→ Requirement
Check each line of the listing for the word "Scooter" and report the ones that have it.

§ §

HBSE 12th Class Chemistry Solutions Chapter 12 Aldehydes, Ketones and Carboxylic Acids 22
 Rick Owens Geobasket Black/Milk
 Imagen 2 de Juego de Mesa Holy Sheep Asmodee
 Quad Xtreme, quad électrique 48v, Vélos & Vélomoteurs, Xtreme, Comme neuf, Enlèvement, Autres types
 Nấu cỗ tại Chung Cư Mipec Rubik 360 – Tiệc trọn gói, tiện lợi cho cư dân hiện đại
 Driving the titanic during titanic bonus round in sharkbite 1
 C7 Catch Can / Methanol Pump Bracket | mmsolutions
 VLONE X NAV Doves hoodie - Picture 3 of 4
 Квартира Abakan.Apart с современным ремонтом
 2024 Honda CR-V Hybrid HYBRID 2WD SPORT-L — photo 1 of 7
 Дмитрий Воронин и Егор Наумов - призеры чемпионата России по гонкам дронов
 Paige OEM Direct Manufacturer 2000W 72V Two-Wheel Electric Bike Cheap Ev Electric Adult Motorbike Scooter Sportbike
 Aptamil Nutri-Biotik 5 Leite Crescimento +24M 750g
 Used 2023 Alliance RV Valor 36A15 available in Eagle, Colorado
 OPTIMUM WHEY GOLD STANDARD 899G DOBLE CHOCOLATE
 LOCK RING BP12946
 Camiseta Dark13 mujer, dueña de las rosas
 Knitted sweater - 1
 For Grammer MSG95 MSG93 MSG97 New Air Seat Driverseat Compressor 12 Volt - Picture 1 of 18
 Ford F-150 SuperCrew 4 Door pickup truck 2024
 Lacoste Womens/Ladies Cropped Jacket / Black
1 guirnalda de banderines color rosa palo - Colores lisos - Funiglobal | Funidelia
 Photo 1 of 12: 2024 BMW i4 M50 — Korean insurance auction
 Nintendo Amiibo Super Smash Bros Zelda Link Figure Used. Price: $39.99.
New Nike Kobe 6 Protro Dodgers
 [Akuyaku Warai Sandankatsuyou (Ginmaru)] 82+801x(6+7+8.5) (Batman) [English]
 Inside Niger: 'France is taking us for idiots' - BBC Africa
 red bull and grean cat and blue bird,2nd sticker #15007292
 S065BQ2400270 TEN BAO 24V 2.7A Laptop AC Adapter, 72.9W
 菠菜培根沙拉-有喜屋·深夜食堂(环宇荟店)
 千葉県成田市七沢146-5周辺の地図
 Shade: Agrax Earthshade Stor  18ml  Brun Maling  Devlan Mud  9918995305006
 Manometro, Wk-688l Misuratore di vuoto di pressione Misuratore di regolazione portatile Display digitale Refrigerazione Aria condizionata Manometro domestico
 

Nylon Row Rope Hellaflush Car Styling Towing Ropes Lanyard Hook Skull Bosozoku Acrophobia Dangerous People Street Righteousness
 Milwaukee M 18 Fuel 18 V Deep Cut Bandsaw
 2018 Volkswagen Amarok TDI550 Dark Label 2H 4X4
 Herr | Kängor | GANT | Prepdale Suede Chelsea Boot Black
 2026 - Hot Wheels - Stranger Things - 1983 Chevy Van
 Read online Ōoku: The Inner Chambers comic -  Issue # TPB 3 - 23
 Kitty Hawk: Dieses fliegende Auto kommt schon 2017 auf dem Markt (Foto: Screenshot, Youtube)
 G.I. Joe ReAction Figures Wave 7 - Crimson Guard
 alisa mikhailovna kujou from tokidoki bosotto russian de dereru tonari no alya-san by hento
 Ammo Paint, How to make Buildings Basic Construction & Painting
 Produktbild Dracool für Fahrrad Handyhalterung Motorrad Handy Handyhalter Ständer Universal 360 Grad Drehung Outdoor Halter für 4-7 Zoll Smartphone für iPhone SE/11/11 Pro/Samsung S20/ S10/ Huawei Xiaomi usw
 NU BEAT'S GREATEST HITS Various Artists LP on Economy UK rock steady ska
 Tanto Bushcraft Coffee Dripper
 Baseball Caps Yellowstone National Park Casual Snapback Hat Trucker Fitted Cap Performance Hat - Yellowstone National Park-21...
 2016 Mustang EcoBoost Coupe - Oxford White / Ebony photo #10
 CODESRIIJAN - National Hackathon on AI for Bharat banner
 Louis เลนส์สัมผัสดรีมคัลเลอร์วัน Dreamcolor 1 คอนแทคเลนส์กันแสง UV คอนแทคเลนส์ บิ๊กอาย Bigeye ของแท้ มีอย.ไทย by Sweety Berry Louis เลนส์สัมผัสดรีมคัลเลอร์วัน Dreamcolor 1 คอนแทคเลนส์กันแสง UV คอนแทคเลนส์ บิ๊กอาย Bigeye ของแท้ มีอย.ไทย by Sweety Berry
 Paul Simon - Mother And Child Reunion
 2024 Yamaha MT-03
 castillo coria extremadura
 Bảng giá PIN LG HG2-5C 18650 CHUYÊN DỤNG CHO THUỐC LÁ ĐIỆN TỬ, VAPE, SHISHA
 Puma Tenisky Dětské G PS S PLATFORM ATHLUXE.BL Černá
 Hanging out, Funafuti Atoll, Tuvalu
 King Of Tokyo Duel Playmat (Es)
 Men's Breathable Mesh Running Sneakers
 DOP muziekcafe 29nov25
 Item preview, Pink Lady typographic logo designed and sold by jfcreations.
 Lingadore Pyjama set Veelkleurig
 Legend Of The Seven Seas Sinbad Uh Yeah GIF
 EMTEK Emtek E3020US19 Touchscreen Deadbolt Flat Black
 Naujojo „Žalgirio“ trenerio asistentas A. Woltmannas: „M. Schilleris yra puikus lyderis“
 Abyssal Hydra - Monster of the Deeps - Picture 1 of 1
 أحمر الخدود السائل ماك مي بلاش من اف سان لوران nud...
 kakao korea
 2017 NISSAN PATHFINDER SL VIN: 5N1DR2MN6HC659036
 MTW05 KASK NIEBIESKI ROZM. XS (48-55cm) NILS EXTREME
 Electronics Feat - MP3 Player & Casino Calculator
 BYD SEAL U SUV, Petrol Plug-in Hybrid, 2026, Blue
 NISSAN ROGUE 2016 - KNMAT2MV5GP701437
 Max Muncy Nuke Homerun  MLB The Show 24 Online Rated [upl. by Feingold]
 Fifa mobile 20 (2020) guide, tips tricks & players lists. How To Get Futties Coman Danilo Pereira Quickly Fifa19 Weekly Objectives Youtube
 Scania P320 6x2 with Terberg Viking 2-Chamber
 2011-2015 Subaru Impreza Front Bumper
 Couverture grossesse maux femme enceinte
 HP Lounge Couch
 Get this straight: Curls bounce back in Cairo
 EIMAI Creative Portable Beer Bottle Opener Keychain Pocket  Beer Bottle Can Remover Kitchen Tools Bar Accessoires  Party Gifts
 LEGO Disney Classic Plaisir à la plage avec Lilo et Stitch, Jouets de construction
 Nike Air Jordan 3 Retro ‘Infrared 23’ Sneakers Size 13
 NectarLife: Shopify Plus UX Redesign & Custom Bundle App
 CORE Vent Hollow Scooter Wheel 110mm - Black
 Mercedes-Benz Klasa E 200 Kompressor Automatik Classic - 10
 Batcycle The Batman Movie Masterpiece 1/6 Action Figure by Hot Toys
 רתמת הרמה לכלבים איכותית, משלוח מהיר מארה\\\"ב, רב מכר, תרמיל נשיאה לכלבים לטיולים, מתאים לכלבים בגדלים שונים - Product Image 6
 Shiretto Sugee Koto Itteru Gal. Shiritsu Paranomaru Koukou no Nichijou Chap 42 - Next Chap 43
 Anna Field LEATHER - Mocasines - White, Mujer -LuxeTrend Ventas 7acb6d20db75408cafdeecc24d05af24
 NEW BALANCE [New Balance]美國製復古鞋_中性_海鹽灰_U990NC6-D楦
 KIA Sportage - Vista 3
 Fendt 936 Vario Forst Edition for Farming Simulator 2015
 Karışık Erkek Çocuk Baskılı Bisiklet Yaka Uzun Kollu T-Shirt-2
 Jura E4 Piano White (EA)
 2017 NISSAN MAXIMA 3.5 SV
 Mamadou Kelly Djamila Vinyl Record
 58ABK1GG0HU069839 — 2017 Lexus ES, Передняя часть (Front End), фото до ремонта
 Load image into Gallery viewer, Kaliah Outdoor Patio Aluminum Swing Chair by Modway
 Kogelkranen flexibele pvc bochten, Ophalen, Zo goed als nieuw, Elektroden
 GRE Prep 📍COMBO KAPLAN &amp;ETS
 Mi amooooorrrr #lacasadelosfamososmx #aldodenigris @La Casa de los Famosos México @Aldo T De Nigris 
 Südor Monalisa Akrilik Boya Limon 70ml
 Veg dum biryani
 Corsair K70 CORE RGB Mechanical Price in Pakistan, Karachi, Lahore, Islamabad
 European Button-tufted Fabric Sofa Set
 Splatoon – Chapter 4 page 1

§ §

→ Task result
 Paige OEM Direct Manufacturer 2000W 72V Two-Wheel Electric Bike Cheap Ev Electric Adult Motorbike Scooter Sportbike
 CORE Vent Hollow Scooter Wheel 110mm - Black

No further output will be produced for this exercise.